Balinger Gemeinderäte diskutieren mit Holcim über die Zukunft des Kalksteinabbaus

Von Nicole Leukhardt

Was lange währte, wurde am Dienstagabend gut: Die Firma Holcim stellte sich bei der Sitzung des Balinger Gemeinderats den Fragen aus dem Gremium. Dieses machte deutlich: Beim Abbau der Kulisse soll das letzte Wort noch nicht gesprochen sein.

Balinger Gemeinderäte diskutieren mit Holcim über die Zukunft des Kalksteinabbaus

So kennen die Balinger ihren Plettenberg und so wollen sie die Kulisse erhalten wissen.

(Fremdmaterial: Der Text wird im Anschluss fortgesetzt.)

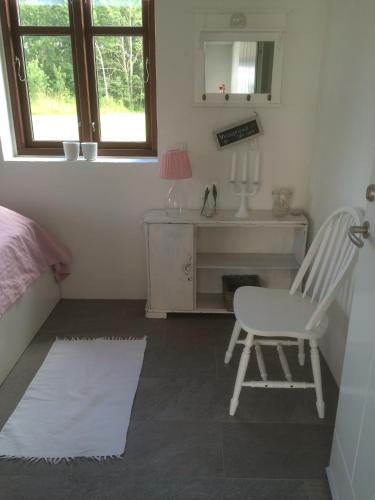 a bedroom with a chair and a desk and a window at Sellebjerg Apartment in Bindslev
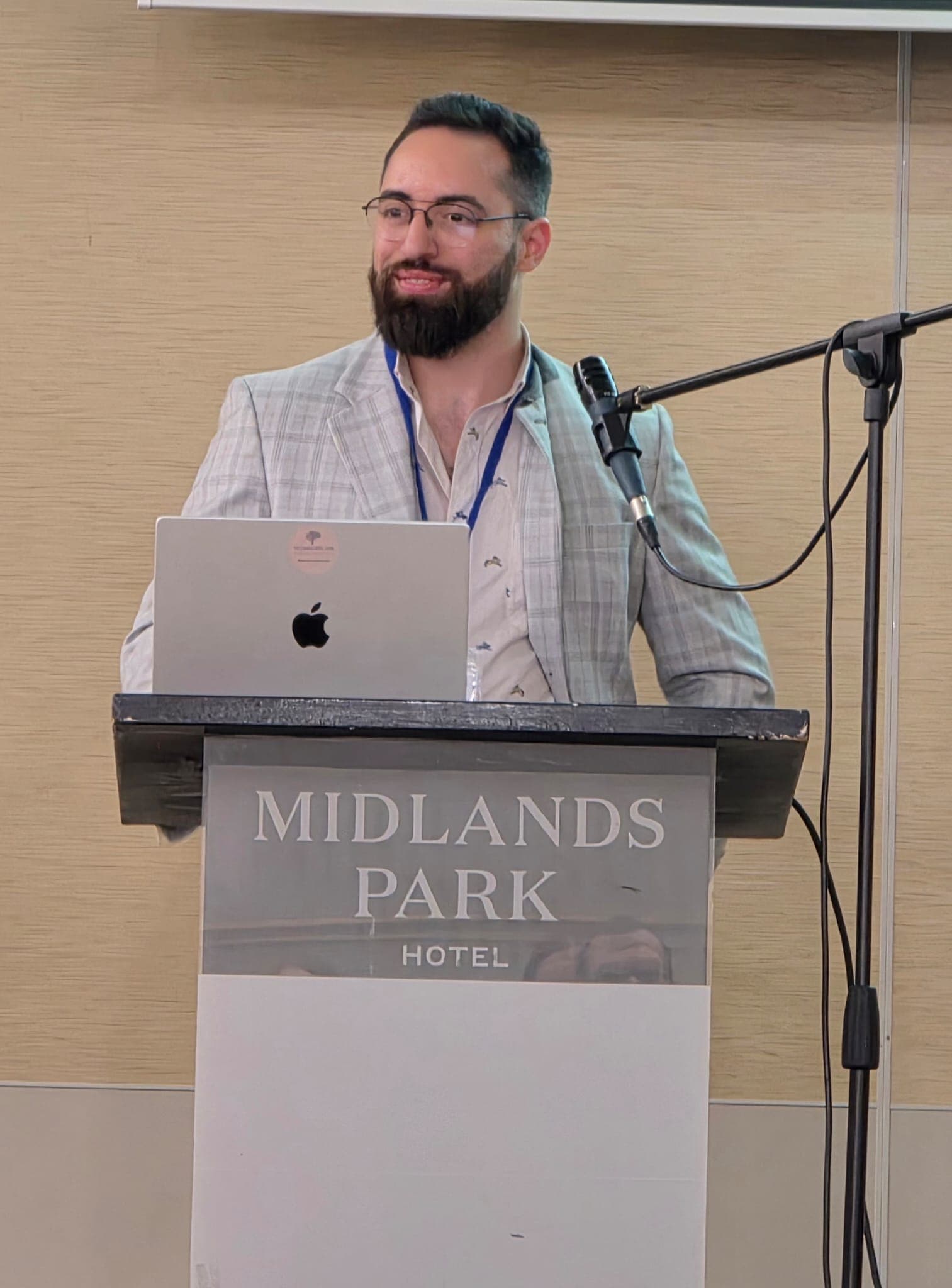 Gabriel Rodrigues Palma presenting from a lectern at a conference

„Wir haben nicht viele Rohstoffe, aber wir sind steinreich in Baden-Württemberg“ – mit diesem Bild eröffnete Holcim-Werksleiter Dieter Schillo in der Gemeinderatssitzung eine fast eineinhalbstündige Diskussion über den Status quo und die Zukunft des Dotternhausener Zementwerks. Dass seine Industrie einen Eingriff in die Natur vornehme und Emissionen ausstoße, wolle er gar nicht in Abrede stellen, betonte Schillo gleich vorneweg.

Dennoch ließ er es sich auch nicht nehmen, im Gegenzug die Notwendigkeit der Zementproduktion in Erinnerung zu rufen, die Rekultivierungsbemühungen, die Arbeitsplätze und das soziale Engagement des Zementriesen Holcim für die Region zu erwähnen.

Der Kulissenabbau steht kurz bevor

Für die aktuellen Zahlen hatte er Andreas Junginger, den Leiter der Gewinnungsbetriebe, mitgebracht. Dieser verdeutlichte den Balinger Räten die Dringlichkeit der Süderweiterung aus Firmensicht. „Im Moment dürfen wir noch 15 Millionen Tonnen Kalkstein abbauen, wovon wir aber nur acht Millionen Tonnen verwenden können“, erklärte er. Die übrigen sieben Millionen seien qualitativ nicht gut genug. „Wenn die Süderweiterung kommt, können wir diesen Anteil aber mit besserem Material verschneiden und so verwerten“, fügte er an.

Dass die Kulissen im Nordosten und Südosten fallen, scheint für das Zementwerk bereits gesetzt. „Sonst können wir den großen Teil im Norden nicht wie zugesagt bis 2029 rekultivieren“, erklärte der Werksleiter.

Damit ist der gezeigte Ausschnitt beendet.